Pulses: The Great Plant Protein Already in Your Pantry

With so much focus on plant protein as a sustainable swap for meat, foods like quinoa are hotter than ever. But there’s another protein source, probably already in your pantry, that has even more protein, boasts a low carbon footprint, and costs pennies per serving. It’s a group of foods called “pulses.”

Pulses include four crops that you’re probably well familiar with: dry beans (like black, pinto, and kidney), dry peas (like split and black-eyed), chickpeas (also called garbanzo beans), and lentils (like green, brown, and red). They’re harvested dry and sold either dry or canned. The latest Dietary Guidelines for Americans defined pulses for the first time, and they’re unique because they “count” as either a vegetable or a protein source on your plate.

Nutritionally, pulses are hard to beat as a plant protein. A one-half cup serving has more potassium than a small banana, four times more fiber than brown rice, more iron than a 3-ounce portion of flank steak, and twice as much protein as an equal amount of quinoa. All for about 10 cents per serving (versus nearly $1.50 per serving for beef).

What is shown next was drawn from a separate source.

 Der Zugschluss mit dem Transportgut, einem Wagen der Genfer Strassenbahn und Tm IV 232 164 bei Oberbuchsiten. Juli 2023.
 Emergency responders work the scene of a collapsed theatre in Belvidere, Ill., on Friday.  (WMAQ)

There’s also increased buzz around pulses because they’re a sustainable crop. They need less water to grow than many other crops. They also take nitrogen from the air and fix it into the soil, naturally restoring nutrients to the soil and lowering the need for nitrogen fertilizers. They’re also less likely to be wasted since they last for years on shelves, dried or canned. (Here’s a quick primer on cooking dry peas, beans, and lentils.)

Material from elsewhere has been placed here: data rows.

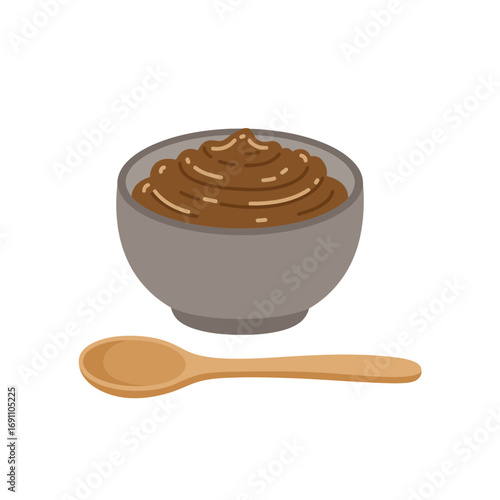 Bowl of miso paste sits next to wooden spoon on white surface, representing traditional Japanese cuisine and culinary ingredient, simple and clean.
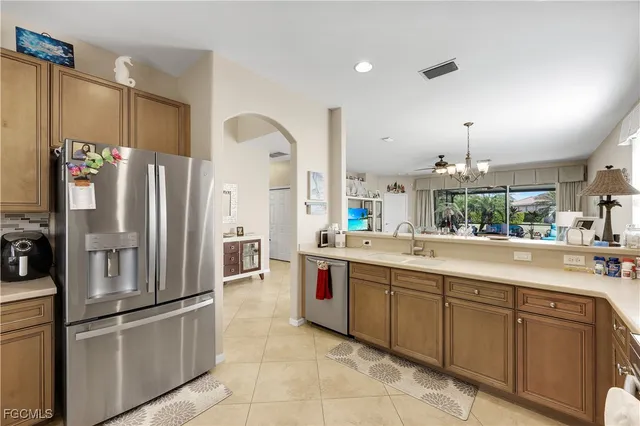 a large kitchen with stainless steel appliances granite countertop a refrigerator and a sink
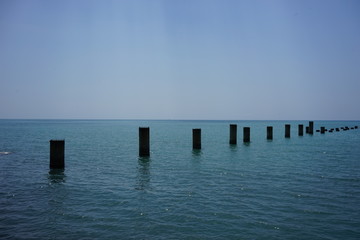 support the old ruined pier in the calm blue sea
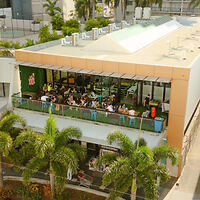 Aerial view of a two-story building with a crowded outdoor seating area on the upper floor, surrounded by palm trees.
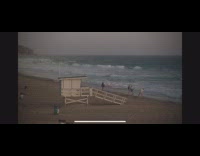 Man dances with camera crew at beach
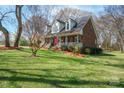 Brick home with front porch, dormers, green lawn, landscaping and an American flag on display at 4436 Roberta Rd, Concord, NC 28027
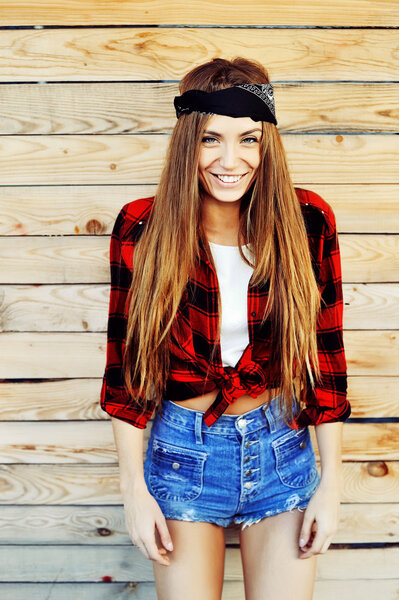 Beautiful smiling hipster woman outdoor 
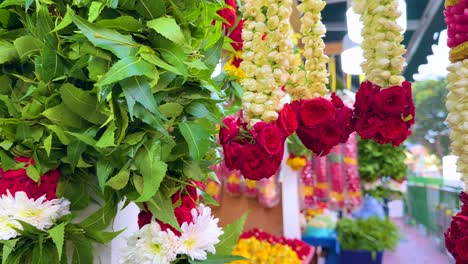 vibrant jasmine and rose garlands displayed at a bustling outdoor flower market in little india, singapore. bright daylight, smooth camera pan, rich colors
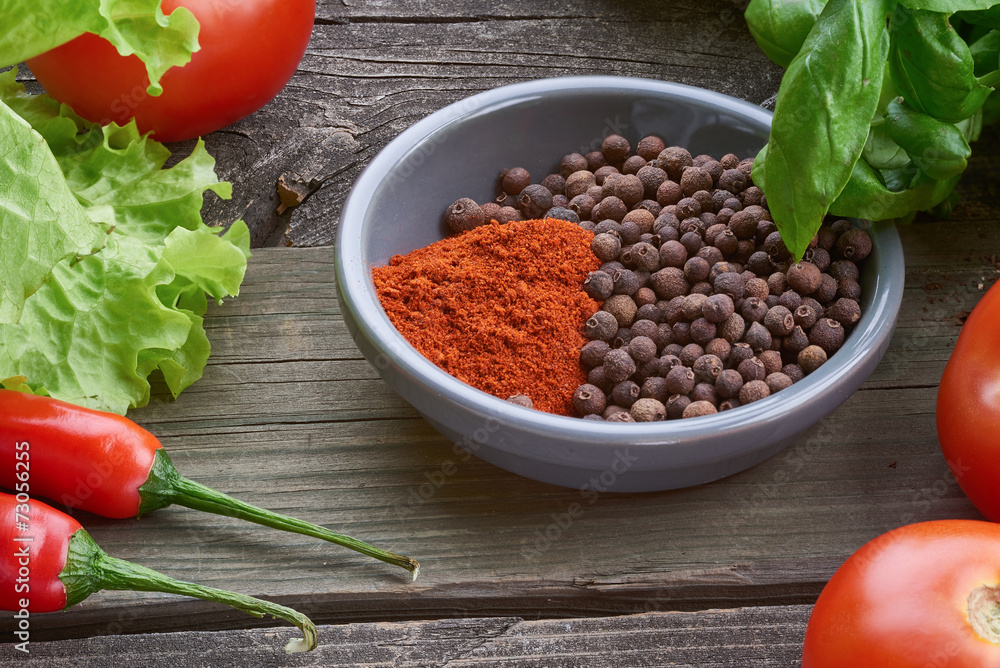Spices on old wooden table with vegetables.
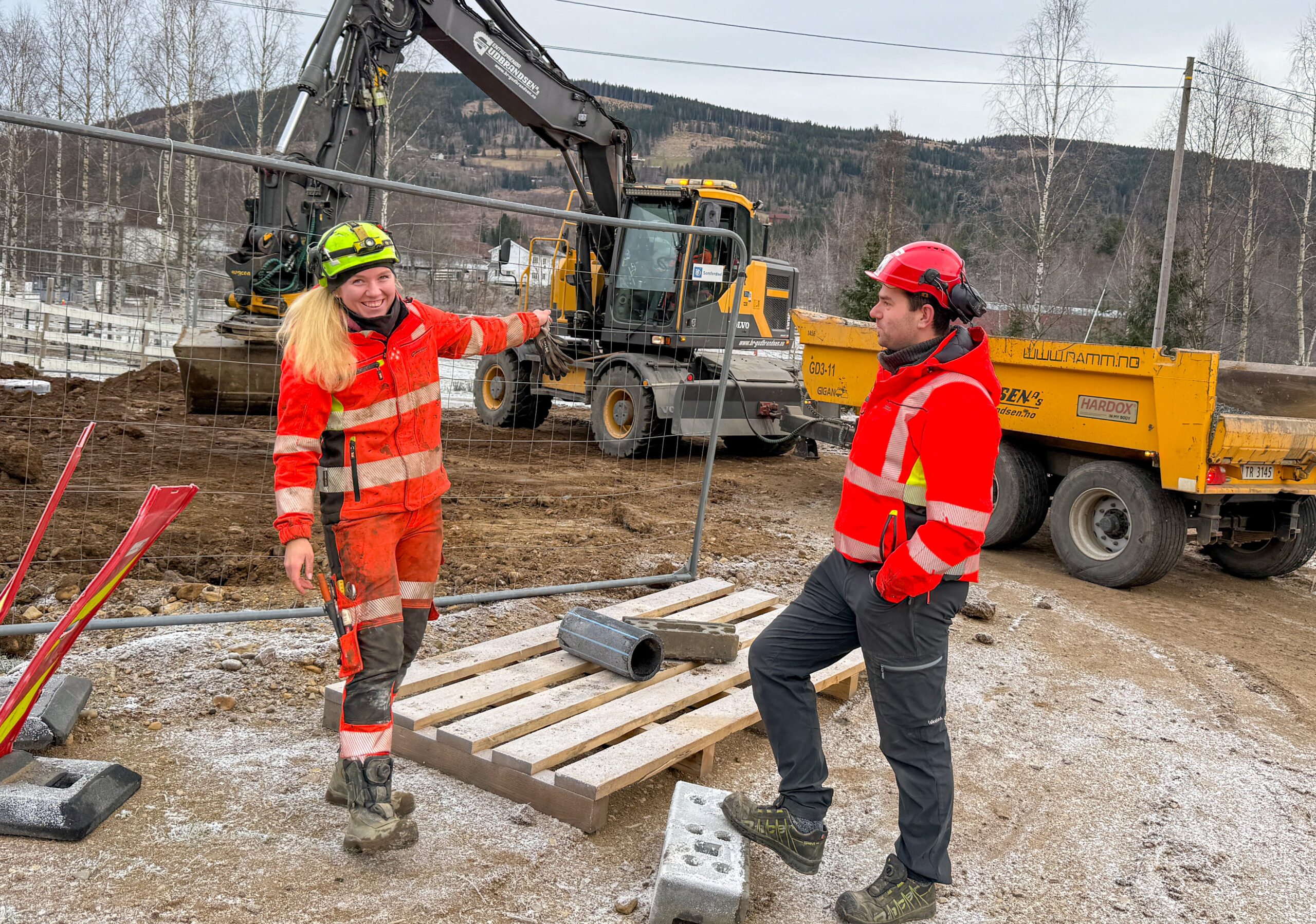 Mye av omsetningen til Brødrene Gudbrandsen AS kommer fra VA-prosjekter. Da vi besøkte dem var de i full gang med å legge vann- og avløpsledninger i et boligområde i Hurdal. Her møtte vi Øystein Hatterud (t.h.), anleggsleder, og Anniken Ruud Haugen, som har kontroll på alt som foregår. I hjulgraveren er lærling Oskar Eklund. (Foto: Njål Hagen)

Unfortunately, most Americans aren’t eating pulses very often. The Dietary Guidelines recommends at least 1 1/2 cups per week in a typical diet, and most adults get less than a cup. Here are some easy ways to eat more of them:

Stretch ground beef with mashed black beans or ground turkey with chickpeas when making taco filling.
Combine cooked lentils with ground beef when making meatballs and meat sauces (tip: if you’ve got lentil-wary eaters, red lentils tend to dissolve when cooked while green and brown hold their shape).
Roast canned chickpeas (season them with taco or curry spices) to sprinkle onto salads, serve in rice and veggie bowls, or eat as a crunchy snack.
Blend 1/2 cup cooked cannellini beans into a smoothie for a thick, protein boost
Add beans to homemade soups and chili.
Puree cooked chickpeas into quick hummus (here’s my easy recipe) and serve with pita bread and raw veggies.
Beat the liquid from unsalted canned chickpeas (called aquafaba) with a hand mixer for several minutes, adding a few tablespoons of sugar as you mix, to make a foamy vegan whipped topping.